Data shown.

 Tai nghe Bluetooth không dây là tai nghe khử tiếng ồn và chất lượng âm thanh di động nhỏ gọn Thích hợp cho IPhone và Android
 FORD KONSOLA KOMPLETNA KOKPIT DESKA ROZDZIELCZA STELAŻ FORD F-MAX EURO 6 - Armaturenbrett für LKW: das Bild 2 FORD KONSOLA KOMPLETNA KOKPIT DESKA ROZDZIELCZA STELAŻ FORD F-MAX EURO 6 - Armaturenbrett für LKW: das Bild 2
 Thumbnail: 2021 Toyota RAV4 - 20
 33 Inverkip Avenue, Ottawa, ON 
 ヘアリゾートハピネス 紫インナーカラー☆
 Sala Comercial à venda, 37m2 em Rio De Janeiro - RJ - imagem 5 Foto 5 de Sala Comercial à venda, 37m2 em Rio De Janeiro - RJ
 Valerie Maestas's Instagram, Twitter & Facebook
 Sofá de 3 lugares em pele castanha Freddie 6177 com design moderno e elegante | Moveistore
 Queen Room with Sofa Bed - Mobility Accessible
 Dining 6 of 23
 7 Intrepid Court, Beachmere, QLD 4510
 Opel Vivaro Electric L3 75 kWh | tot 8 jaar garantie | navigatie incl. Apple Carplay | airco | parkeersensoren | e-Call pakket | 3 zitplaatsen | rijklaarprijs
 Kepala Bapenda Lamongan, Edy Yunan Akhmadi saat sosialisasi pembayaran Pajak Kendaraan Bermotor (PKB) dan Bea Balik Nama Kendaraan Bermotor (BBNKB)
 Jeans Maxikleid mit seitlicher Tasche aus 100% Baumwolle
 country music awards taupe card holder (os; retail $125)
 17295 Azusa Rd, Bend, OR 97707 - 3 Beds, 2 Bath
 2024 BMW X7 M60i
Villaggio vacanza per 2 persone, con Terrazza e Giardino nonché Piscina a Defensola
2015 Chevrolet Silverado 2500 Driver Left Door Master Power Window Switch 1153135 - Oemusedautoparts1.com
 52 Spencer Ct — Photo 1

Requirement.
Within the listing above, the range opens at the line with "Queen Room with" and closes at the line with "2015 Chevrolet Silverado". Reproduce exactly the lines of that range, including both ends.

Written solution.
 Queen Room with Sofa Bed - Mobility Accessible
 Dining 6 of 23
 7 Intrepid Court, Beachmere, QLD 4510
 Opel Vivaro Electric L3 75 kWh | tot 8 jaar garantie | navigatie incl. Apple Carplay | airco | parkeersensoren | e-Call pakket | 3 zitplaatsen | rijklaarprijs
 Kepala Bapenda Lamongan, Edy Yunan Akhmadi saat sosialisasi pembayaran Pajak Kendaraan Bermotor (PKB) dan Bea Balik Nama Kendaraan Bermotor (BBNKB)
 Jeans Maxikleid mit seitlicher Tasche aus 100% Baumwolle
 country music awards taupe card holder (os; retail $125)
 17295 Azusa Rd, Bend, OR 97707 - 3 Beds, 2 Bath
 2024 BMW X7 M60i
Villaggio vacanza per 2 persone, con Terrazza e Giardino nonché Piscina a Defensola
2015 Chevrolet Silverado 2500 Driver Left Door Master Power Window Switch 1153135 - Oemusedautoparts1.com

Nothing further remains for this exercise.